◆ **THE TASK**
The answer must consist solely of the lines from the line with "een witte badkamer" to the end of the data below, transcribed exactly and with no pictures.

--- RECORDS TO PROCESS ---

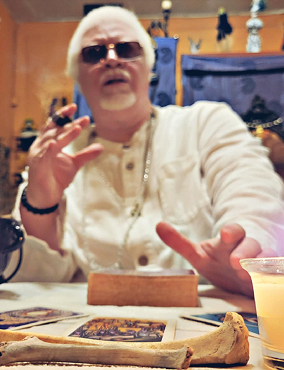 Man with white hair and sunglasses sitting at a table with tarot cards, a bone object, and a drink, gesturing with her hand in a room decorated with hanging items and shelves.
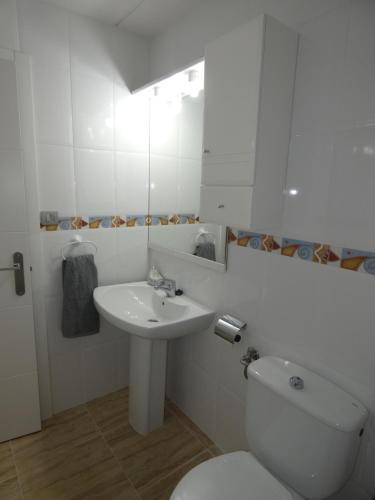 een witte badkamer met een toilet en een wastafel bij Vivienda en centro de Yecla in Yecla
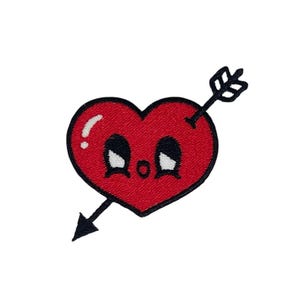 Puede incluir: Corazón rojo con una cara de dibujos animados y una flecha negra que lo atraviesa.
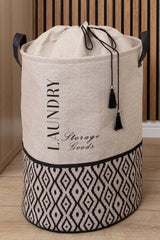 Krem siyah desenli, kordelalı depo ve çamaşır sepeti, ahşap zemin ve duvar önünde
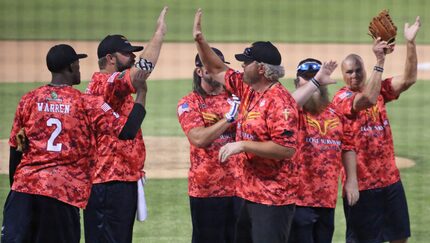 Musician Toby Keith joins teammates during player introductions before the Red River...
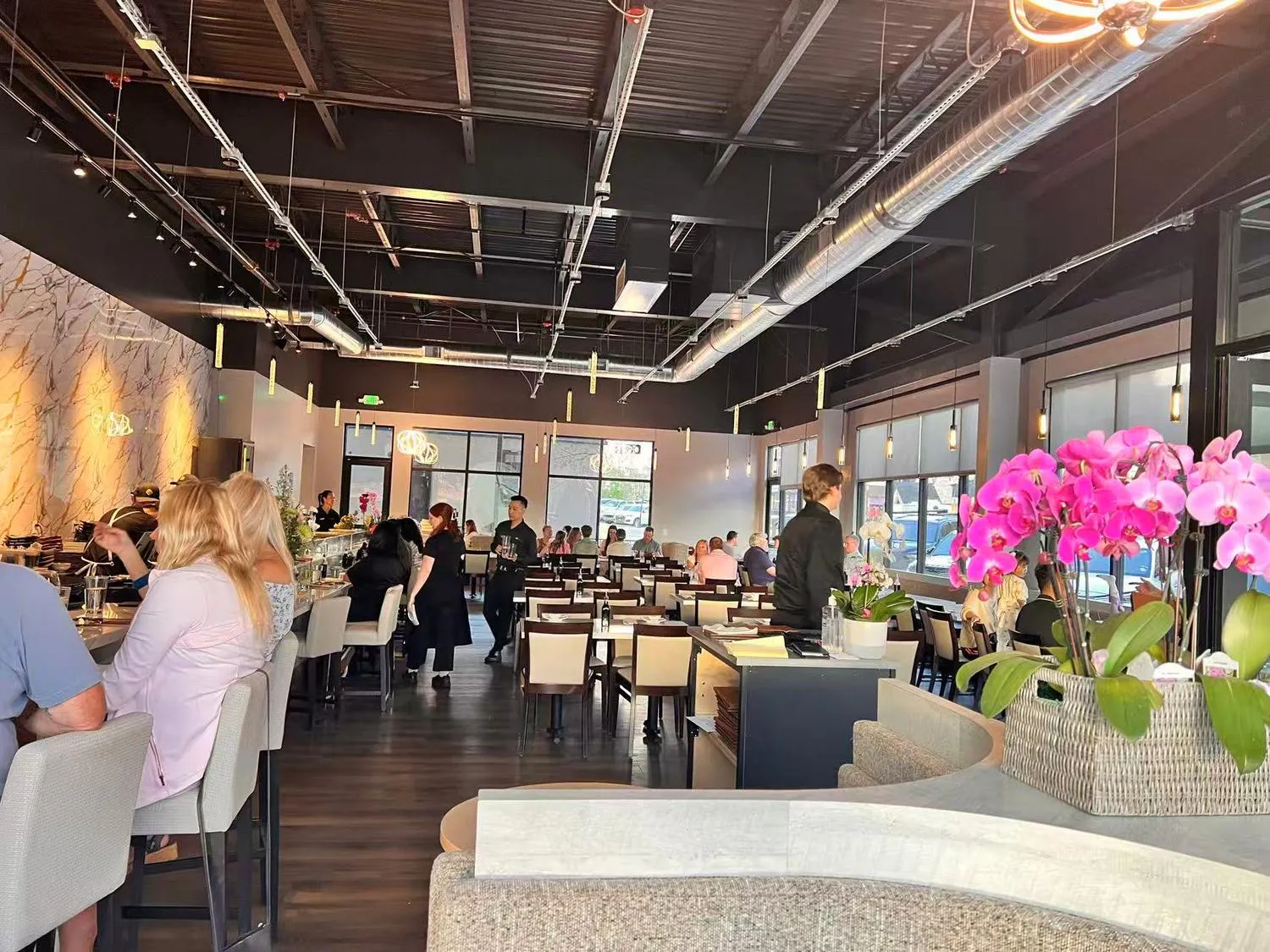 Modern restaurant dining room with guests, bar seating, large windows, and pink orchids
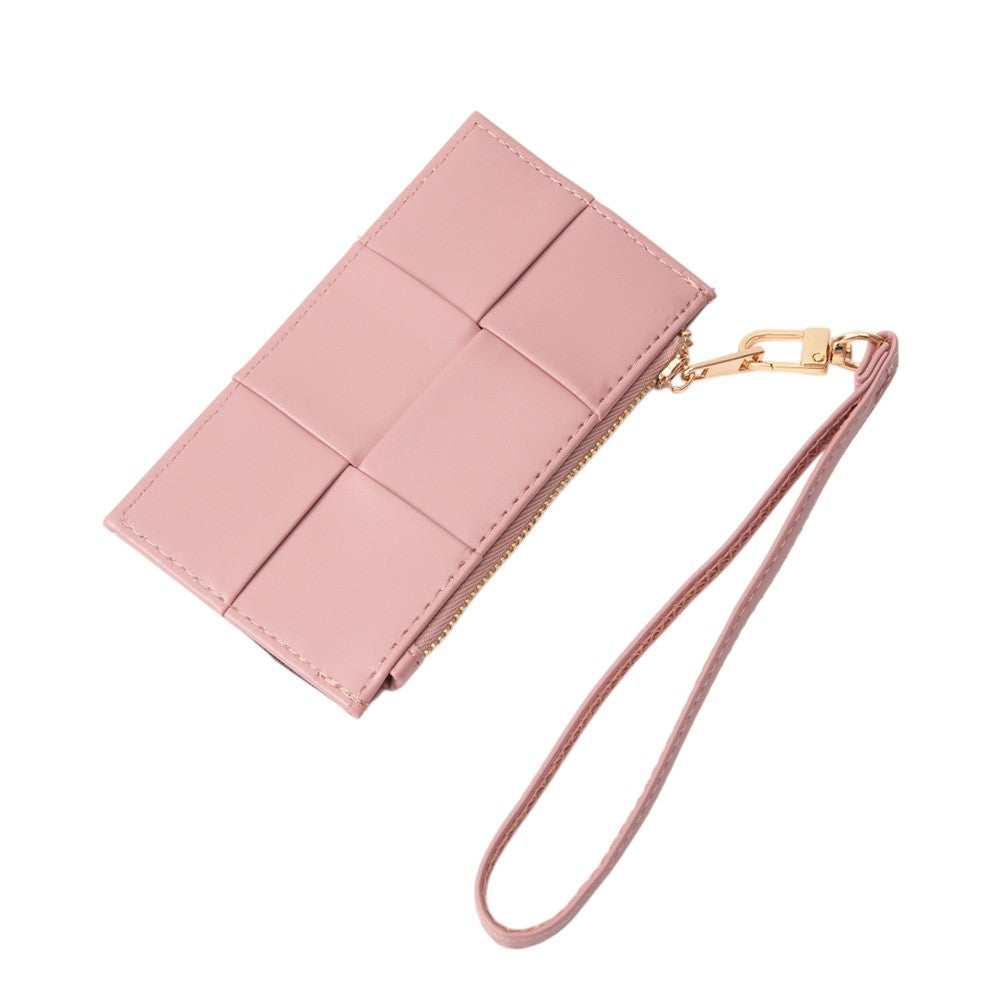 A light pink faux leather wristlet clutch with a geometric stitched pattern, a gold-tone zipper, and a matching wrist strap with a gold clasp, shown on a plain white background.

---

◆ **COMPLETED EXERCISE**
 een witte badkamer met een toilet en een wastafel bij Vivienda en centro de Yecla in Yecla
 Puede incluir: Corazón rojo con una cara de dibujos animados y una flecha negra que lo atraviesa.
 Krem siyah desenli, kordelalı depo ve çamaşır sepeti, ahşap zemin ve duvar önünde
 Musician Toby Keith joins teammates during player introductions before the Red River...
 Modern restaurant dining room with guests, bar seating, large windows, and pink orchids
 A light pink faux leather wristlet clutch with a geometric stitched pattern, a gold-tone zipper, and a matching wrist strap with a gold clasp, shown on a plain white background.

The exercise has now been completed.